Hofmann made a ten-day trip to India in October of 1957, incorporating a brief visit to Le Corbusier’s Chandigarh. He returned to Switzerland enthusiastic, working on the embassy project until his unexpected death two months later. His young assistant, Walter Rüegg, inherited the project and moved to India until the embassy’s completion in 1963. Prime Minister Nehru, referred to as “the architect of modern India,” attended the opening of the embassy and praised the building both for its form and its symbolic power.

The Embassy of Switzerland in India upon its completion in 1963

Courtesy Walter Rüegg

Modern Architecture in New Delhi

Unlike most of the 60-some embassies in Chanakyapuri, New Delhi, the Swiss Embassy is completely visible from the street. The walk to the entrance gate is friendly, even casual. One can observe a handful of parked cars and two-wheelers at the end of the entrance path, a marine blue emanating from the bottom of a pool, and the inviting shade of ashoka trees. Aside from the small, white emblem of the Swiss cross, nothing about the building suggests nationalism, nationhood, or political ideology. The result however is truly a transcendence of place. One is no longer in New Delhi, nor in an embassy for that matter. One simply stands before a remarkable convergence of geometric forms and materials.

This initial, pedestrian-scale experience gives way to the full breadth of the 7,800-square-meter main building, which, following Hofmann’s original wishes, houses both the residence and chancery. Massive in size, the main building becomes monumental in feeling. It is at this vantage point that the Swiss Federal Political Department’s concern for showmanship over modesty is glaringly apparent. The Switzerland represented in this part of the building is not one of small geographical size, but rather one of “moral and financial power.”

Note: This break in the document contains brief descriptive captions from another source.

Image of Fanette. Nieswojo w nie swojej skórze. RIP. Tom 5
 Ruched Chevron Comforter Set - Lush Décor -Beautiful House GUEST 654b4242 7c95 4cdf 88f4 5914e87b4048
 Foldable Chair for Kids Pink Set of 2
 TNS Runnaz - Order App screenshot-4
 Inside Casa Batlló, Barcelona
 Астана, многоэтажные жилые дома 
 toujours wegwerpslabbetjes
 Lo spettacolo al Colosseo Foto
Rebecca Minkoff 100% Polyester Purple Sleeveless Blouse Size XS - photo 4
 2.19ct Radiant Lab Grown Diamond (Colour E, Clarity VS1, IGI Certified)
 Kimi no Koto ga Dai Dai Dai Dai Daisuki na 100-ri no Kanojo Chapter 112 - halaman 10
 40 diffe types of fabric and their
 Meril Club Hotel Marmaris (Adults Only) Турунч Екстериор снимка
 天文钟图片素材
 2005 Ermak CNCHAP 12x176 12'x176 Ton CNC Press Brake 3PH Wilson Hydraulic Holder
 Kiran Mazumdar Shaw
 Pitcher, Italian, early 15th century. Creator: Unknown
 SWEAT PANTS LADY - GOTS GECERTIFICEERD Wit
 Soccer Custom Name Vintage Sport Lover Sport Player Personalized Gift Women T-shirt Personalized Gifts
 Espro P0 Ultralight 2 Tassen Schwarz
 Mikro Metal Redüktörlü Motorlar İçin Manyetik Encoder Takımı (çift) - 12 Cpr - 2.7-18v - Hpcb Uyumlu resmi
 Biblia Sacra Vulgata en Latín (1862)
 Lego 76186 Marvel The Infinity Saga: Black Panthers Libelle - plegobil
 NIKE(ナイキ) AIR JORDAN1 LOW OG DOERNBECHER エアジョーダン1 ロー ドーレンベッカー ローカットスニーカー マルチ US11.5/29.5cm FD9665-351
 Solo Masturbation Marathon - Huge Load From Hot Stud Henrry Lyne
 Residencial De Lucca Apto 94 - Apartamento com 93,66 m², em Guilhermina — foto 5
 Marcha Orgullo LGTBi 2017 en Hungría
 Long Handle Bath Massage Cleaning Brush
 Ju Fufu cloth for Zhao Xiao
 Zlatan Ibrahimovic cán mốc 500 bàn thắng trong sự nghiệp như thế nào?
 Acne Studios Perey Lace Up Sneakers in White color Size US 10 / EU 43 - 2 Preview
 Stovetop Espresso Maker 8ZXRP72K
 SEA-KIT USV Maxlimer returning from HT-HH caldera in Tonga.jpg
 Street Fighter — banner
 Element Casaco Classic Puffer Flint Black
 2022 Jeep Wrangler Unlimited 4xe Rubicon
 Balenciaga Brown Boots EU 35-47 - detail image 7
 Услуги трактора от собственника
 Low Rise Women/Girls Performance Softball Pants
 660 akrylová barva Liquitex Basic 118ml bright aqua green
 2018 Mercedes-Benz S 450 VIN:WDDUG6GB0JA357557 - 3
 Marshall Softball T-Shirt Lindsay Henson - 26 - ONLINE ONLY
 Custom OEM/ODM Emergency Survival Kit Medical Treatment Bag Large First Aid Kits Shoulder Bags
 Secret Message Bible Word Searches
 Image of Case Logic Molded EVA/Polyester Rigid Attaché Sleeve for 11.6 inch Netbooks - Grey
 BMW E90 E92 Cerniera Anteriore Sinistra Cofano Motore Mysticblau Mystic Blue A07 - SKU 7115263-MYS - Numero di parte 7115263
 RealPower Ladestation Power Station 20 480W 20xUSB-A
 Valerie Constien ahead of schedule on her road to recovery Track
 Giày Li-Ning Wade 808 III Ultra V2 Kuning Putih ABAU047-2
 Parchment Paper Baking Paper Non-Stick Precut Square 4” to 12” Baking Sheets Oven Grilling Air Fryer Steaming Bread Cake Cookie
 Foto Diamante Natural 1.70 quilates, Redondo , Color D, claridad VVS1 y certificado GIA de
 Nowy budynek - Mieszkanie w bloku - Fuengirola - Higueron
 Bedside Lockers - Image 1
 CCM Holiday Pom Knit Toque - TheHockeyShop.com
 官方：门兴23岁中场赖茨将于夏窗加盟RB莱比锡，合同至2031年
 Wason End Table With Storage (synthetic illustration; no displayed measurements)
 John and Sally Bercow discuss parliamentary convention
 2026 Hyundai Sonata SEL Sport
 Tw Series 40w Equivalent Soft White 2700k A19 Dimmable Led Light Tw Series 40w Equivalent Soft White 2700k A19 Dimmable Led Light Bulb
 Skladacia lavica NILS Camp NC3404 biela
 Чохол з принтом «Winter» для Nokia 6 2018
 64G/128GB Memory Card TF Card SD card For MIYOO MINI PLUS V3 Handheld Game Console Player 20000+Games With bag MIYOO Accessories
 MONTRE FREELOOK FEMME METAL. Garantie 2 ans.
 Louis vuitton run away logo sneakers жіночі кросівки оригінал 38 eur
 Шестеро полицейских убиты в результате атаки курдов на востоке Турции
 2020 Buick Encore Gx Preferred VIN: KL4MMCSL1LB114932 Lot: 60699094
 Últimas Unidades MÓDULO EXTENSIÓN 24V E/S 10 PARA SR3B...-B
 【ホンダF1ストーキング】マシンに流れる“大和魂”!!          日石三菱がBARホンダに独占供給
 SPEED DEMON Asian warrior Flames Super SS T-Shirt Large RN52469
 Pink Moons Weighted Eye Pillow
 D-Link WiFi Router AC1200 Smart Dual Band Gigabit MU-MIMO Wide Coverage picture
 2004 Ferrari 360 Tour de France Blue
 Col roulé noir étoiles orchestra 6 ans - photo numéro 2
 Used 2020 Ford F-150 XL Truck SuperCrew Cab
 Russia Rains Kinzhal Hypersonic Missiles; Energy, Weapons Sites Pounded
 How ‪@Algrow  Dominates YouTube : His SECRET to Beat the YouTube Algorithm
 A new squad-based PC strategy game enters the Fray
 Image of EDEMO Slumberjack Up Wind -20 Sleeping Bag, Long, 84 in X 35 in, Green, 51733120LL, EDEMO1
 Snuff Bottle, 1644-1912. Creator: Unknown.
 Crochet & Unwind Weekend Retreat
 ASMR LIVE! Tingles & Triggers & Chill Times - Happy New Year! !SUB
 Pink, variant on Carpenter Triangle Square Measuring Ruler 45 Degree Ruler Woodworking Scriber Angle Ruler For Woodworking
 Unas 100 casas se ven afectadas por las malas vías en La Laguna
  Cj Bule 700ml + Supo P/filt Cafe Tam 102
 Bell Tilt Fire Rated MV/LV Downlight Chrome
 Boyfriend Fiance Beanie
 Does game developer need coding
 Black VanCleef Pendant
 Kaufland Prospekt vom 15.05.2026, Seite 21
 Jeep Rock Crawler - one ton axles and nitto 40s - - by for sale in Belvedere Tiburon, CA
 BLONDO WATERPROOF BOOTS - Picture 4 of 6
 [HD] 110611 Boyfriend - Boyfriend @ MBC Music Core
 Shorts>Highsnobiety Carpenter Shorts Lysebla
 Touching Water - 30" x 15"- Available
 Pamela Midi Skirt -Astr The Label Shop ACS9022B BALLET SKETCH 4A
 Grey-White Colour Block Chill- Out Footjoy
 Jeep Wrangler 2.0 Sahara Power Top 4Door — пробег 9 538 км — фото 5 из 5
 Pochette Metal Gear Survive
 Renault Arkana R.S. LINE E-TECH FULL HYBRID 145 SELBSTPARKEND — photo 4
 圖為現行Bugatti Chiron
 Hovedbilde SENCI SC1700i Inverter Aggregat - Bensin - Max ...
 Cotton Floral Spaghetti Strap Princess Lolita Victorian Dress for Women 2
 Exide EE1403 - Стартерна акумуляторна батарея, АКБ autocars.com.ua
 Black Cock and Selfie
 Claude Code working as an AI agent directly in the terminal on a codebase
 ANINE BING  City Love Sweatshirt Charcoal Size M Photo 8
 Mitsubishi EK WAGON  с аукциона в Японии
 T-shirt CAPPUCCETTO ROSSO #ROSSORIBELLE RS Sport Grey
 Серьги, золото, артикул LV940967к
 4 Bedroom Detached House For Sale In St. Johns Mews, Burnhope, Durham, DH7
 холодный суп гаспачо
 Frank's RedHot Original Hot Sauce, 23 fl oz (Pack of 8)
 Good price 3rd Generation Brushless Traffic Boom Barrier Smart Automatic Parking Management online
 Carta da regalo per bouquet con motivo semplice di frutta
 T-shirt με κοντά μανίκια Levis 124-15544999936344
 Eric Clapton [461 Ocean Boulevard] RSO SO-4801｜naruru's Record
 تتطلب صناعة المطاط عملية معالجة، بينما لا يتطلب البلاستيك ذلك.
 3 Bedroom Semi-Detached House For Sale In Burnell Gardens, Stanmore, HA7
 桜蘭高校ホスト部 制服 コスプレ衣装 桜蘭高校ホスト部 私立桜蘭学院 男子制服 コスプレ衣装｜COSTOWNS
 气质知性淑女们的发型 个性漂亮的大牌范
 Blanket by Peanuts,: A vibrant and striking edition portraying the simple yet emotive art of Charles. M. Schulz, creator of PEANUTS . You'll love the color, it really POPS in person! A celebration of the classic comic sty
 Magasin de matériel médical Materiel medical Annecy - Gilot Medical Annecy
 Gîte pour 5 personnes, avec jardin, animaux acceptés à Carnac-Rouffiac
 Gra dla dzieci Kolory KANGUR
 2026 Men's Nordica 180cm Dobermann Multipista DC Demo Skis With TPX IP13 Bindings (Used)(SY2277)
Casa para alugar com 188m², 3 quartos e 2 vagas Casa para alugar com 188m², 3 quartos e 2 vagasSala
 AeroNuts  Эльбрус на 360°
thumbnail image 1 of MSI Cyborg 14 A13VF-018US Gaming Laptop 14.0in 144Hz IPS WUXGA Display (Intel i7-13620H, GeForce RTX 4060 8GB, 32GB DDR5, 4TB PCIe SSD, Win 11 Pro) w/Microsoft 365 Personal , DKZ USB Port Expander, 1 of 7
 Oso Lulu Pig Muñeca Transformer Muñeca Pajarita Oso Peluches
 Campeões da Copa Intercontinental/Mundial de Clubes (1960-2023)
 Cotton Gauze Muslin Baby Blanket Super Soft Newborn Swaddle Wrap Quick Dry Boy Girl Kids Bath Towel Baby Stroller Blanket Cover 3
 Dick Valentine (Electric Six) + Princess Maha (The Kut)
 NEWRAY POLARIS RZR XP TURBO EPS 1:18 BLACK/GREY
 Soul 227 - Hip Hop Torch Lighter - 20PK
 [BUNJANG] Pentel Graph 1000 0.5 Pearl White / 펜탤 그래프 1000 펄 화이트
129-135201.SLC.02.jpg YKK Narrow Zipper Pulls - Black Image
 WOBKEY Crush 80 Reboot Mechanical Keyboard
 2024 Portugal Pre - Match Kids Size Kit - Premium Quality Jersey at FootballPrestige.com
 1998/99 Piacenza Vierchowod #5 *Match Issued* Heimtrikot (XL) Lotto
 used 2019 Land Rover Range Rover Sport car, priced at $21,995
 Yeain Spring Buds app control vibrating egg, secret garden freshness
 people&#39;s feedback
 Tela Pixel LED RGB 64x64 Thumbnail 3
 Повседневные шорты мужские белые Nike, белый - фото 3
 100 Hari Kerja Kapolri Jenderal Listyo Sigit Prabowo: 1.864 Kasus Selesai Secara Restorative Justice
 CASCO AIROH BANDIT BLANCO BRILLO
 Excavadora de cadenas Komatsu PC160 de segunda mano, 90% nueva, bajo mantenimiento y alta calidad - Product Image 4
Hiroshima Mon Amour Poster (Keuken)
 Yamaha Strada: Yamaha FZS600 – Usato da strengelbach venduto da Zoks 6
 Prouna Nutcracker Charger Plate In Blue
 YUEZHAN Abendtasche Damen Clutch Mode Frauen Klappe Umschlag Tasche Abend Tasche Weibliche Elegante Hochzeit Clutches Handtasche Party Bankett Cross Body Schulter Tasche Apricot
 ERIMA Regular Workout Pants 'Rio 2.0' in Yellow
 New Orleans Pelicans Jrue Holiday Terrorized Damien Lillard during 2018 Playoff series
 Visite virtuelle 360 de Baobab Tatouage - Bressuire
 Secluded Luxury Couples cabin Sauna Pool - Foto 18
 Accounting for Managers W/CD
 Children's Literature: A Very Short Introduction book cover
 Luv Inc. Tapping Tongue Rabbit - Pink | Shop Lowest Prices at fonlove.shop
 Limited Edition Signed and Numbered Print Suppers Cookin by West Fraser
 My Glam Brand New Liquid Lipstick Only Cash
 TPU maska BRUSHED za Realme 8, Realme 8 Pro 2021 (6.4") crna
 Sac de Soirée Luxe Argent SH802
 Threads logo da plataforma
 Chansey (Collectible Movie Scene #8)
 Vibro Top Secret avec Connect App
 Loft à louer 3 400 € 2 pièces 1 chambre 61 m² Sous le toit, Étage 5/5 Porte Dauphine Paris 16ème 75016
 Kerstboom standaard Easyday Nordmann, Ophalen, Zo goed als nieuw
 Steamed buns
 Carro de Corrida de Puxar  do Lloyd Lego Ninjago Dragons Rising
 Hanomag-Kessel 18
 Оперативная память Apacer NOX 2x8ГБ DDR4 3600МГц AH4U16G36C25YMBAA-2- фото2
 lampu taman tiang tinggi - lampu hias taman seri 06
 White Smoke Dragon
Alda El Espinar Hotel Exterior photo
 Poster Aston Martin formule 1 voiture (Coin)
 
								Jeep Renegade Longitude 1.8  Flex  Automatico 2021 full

Similar to Jean Prouvé’s buildings in West Africa, which were lifted off the ground in recognition of the local climate, Hofmann’s concrete building has a pilotis structure: slender, angular columns raise the black granite base of the building above ground level. These forms are imposing and rigid but, given their simple planar form, they keep the building open and transparent. The austere coutyard encasing the rectangular sliver of a reflecting pool and fountain feels both Moghul and Saarinen-esque. Elsewhere, the architects incorporated local materials such as kota stone from Rajasthan, marble, granite, and teak wood that lend the rational forms a tactile sensualness. In these ways, the embassy ultimately fulfills its original diplomatic intention. “It stands,” current ambassador Dr. Linus von Castemur explains, “whether explicitly or implicitly for values and idea; it represents one country within another.”

The main hall features objects from the Swiss Federal Art Collection.

Courtesy Ariel Huber

Switzerland in India

As we’ve seen, the project can be understood as an architectural exchange of ideas and forms. The reflecting pool, for example, is not just a pool, but also a cooling device, as is the high, inward slanting roof that provides natural ventilation from both below and above. Openness of form was a distinct trait of Western midcentury modern architecture but has always been a traditional element within the Indian vernacular. Yet the ground-level veranda and open meeting areas of the balcony areas go beyond any trite East-meets-West description.

The collaborative process that initially caused many delays in the completion of the Swiss Embassy has ultimately allowed the complex to age with grace. Apart from energy-related improvements, very few alterations to the building have been made. In celebration of the fiftieth anniversary, new furniture, lighting, and artwork have been installed. These upgrades (such as a stone installation from Bijoy Jain of Studio Mumbai, a bronze sculpture from Otto Müller, and paper works by graphic artist Urs Fischer) allude to a second bilateral relation—art and state. But once again, the overall effect in bringing together the cultural and the political is that of neutrality, and beauty in form.